개별 Likert 척도가 서열척도라도, 여러 Likert 척도의 합은 등간척도이다.

The question, then, is how robust are Likert scales to departures from linear, normal distributions. There are actually three answers. The first, perhaps the least radical, is that (...) But their strongest argument appears to be that while Likert questions or items may well be ordinal, Likert scales, consisting of sums across many items, will be interval.



숫자는 숫자일 뿐이다.

The second approach, as elaborated by Gaito (1980), is that this is not a statistics question at all. The numbers ‘‘don’t know where they came from’’.


컴퓨터는 주어진 숫자에 대한 결론을 주는 것일 뿐이다. 그 숫자에 대한 결론이 틀렸다고 할 수는 없드며, 연구자가 결정해야 할 것은 그 숫자에 대해서 이뤄진 분석이 그 아래 깔려있는 구인(construct)를 잘 반영하는가에 대한 판단이다.

And all the computer can do is draw conclusions about the numbers themselves. So if the numbers are reasonably distributed, we can make inferences about their means, differences or whatever. We cannot, strictly speaking, make further inferences about differences in the underlying, latent, characteristic reflected in the Likert numbers, but this does not invalidate conclusions about the numbers. This is almost a ‘‘reductio ad absurbum’’ argument, and appears to solve the problem by making it someone else’s, but not the statistician’s problem. After all, someone has to decide whether the analysis done on the numbers reflects the underlying constructs, and Gaito provides no support for this inference.


ANOVA나 다른 비슷한 검사에 대해서는 비정규성으로 인해서 생길 수 있는 문제는 앞에서 다뤘다.

So let us return to the more empirical approach that has been used to investigate robustness. As we showed earlier, ANOVA and other tests of central tendency are highly robust to things like skewness and non-normality. Since an ordinal distribution amounts to some kind of nonlinear relation between the number and the latent variable, then in my view the answer to the question of robustness with respect to ordinality is essentially answered by the studies cited above showing robustness with respect to non-normality. 

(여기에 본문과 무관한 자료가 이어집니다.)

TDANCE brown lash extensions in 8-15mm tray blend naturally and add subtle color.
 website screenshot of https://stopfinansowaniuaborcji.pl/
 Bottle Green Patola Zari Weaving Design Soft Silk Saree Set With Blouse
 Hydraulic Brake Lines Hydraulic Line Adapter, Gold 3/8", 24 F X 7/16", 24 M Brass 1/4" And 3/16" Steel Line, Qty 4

그러나 상관관계나 회귀분석은 어떨까? 여기서는 더 이상 평균의 분포에 대해서 이야기하지 않는다. 여기서는 분포의 양 극단이 어딘가 - 궁극적으로 회귀선을 고정(anchor)하게 되므로 - 가 중요하다. 따라서 skewness나 비정규성이 틀린 답을 줄 수도 있다.

However, when it comes to correlation and regression, this proscription cannot be dealt with quite so easily. The nature of regression and correlation methods is that they inherently deal with variation, not central tendency (Cronbach 1957). We are no longer talking about a distribution of means. Rather, the magnitude of the correlation is sensitive to individual data at the extremes of the distribution, as these ‘‘anchor’’ the regression line. So, conceivably, distortions in the distribution—skewness or non-linearity—could well ‘‘give the wrong answer’’.


만약 Likert 분포가 왜곡되어있거나 다른 바람직하지 못한 특성을 가진다면 상관관계나 회귀계수를 산출할지 말지가 통계적 문제가 되고, 이는 다시 'robustness'의 문제라고 할 수 잇다. 여기서는 중심극한정리가 도움이 되지는 않지만, 우리에게 도움이 될 만한 연구들이 있다. Pearson correlation은 왜도나 비정규성에 대해서 robust하다.

If the Likert ratings are ordinal which in turn means that the distributions are highly skewed or have some other undesirable property, then it is a statistical issue about whether or not we can go ahead and calculate correlations or regression coefficients. It again becomes an issue of robustness. If the distributions are not normal and linear. what happens to the correlations? This time, there is no ‘‘Central Limit Theorem’’ to provide theoretical confidence. However, there have been a number of studies that are reassuring. Pearson (1931, 1932a, b), Dunlap (1931) and Havlicek and Peterson (1976) have all shown, using theoretical distributions, that the Pearson correlation is robust with respect to skewness and nonnormality. (...)They concluded that ‘‘The Pearson r is rather insensitive to extreme violations of the basic assumptions of normality and the type of scale’’.


Spearman과 Pearson 계수의 상관관계는 0.99이고 기울기는 1.001이었다. 심각하게 왜곡된 자료에서도 비슷했다. 둘은 거의 동일한 결과를 주는 것이다. 동순위자가 많은 경우에 Spearman이 조금 다른 답을 주긴 하지만, 이는 Spearman이 동점자를 처리하는 방식의 문제이지 Pearson 상관의 문제는 아니다. Pearson correlation은 이들 가정에 위배되더라도 매우 robust하다.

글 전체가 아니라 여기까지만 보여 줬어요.